Katharine Hepburn, George Cukor and Garson Kanin managed to turn Judy Holliday's performance into a screen test for Born Yesterday (1950). In particular, one long scene in which Doris recounts how and why she shot her husband was written as a near monologue for the character. Holliday shot her close-up of the speech in one take. Then Hepburn refused to shoot more than a few brief reaction shots, thus forcing Cukor to focus the entire scene on Holliday. That scene convinced Cohn to test Holliday. After three tests (she borrowed a gown from Hepburn for one of them), he finally cast her over such glamorous stars as Rita Hayworth, Lucille Ball and the young Marilyn Monroe. Hepburn would later explain her generosity to Kanin: "It was the kind of thing you do because people have done it for you."



5:45 PM -- The Treasure of the Sierra Madre (1948)
Three prospectors fight off bandits and each other after striking-it-rich in the Mexican mountains.
Dir: John Huston
Cast: Humphrey Bogart, Walter Huston, Tim Holt
BW-126 mins, CC

Winner of Oscars for Best Actor in a Supporting Role -- Walter Huston, Best Director -- John Huston, and Best Writing, Screenplay -- John Huston

Nominee for an Oscar for Best Picture

Humphrey Bogarts portrayal of 'Dobbs' in this film was cited by Steven Spielberg as the main inspiration for the character of Indiana Jones.




TCM PRIMETIME - WHAT'S ON TONIGHT: BOB HOPE



8:00 PM -- Road to Morocco (1942)
Two castaways get mixed up in an Arabian nightmare when they're caught between a bandit chief and a beautiful princess.
Dir: David Butler
Cast: Bing Crosby, Bob Hope, Dorothy Lamour
BW-82 mins, CC

Nominee for Oscars for Best Writing, Original Screenplay -- Frank Butler and Don Hartman, and Best Sound, Recording -- Loren L. Ryder (Paramount SSD)

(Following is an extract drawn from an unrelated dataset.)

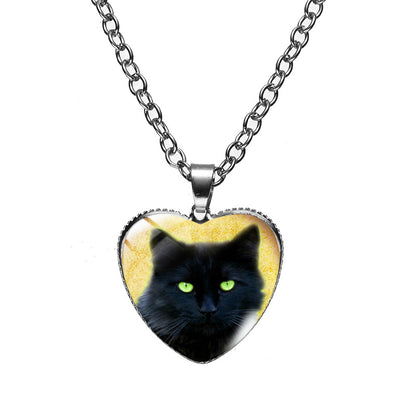 Cute Heart Shape Cat Glass Glass Plating Women's Pendant Necklace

The scene where the camel spits in Turkey's (Bob Hope's) face wasn't planned. The camel did it of its own accord while the cameras were rolling, and Hope's recoil and Bing Crosby's reaction were so funny that it was left in the final cut of the film.



9:30 PM -- Road to Utopia (1946)
Two song-and-dance men on the run masquerade as killers during the Alaskan gold rush.
Dir: Hal Walker
Cast: Bing Crosby, Bob Hope, Dorothy Lamour
BW-90 mins, CC

Nominee for an Oscar for Best Writing, Original Screenplay -- Norman Panama and Melvin Frank

Bob Hope recalled that during the scene where he and Bing Crosby were bedding down beside their cabin in the Klondike, they were to be joined by a bear. They were told that the bear was tame and its trainer would always be nearby. Against their better judgment they went along with it. However, when the cameras started filming, the bear ambled over to Hope and, instead of lying down next to him like it was supposed to, the animal sniffed him and started growling. Hope and Crosby immediately stopped the scene and refused to work with the bear any longer, despite the trainer's protestations that it was tame and harmless. The next day the bear attacked its trainer and tore his arm off.



1:00 AM -- My Favorite Brunette (1947)
A baby photographer mistaken for a private eye ends up framed for murder.
Dir: Elliott Nugent
Cast: Bob Hope, Dorothy Lamour, Peter Lorre
BW-86 mins, CC

The film contains a number of in-jokes. Bob Hope's character is just saying that he wants to be a private detective like Alan Ladd - when Ladd appears, playing a private detective. Dorothy Lamour's character looks longingly after Bing Crosby for a moment (in their "Road" movies with Bob Hope, Crosby nearly always got the girl) before Hope wins back her attention. There is also a comic reference to legendary music conductor Arturo Toscanini, then considered the greatest conductor in the world, and who at that time was conducting the NBC Symphony Orchestra. (Bob Hope had a radio program on NBC and was soon to make his TV debut on NBC as well.)


2:45 AM -- Alias Jesse James (1959)
An insurance agent lands in hot water when people mistake him for the infamous western outlaw.
Dir: Norman Z. McLeod
Cast: Bob Hope, Rhonda Fleming, Wendell Corey
C-92 mins, CC

The climactic gunfight featured cameos by Bing Crosby, and surprise appearances by actors who, at the time, were starring or had recently starred in extremely popular Western television series (such as Maverick (1957), The Roy Rogers Show (1951), and Annie Oakley (1954)) and Western movies such as High Noon (1952) (Gary Cooper). They appeared playing the same roles that they had played on their shows.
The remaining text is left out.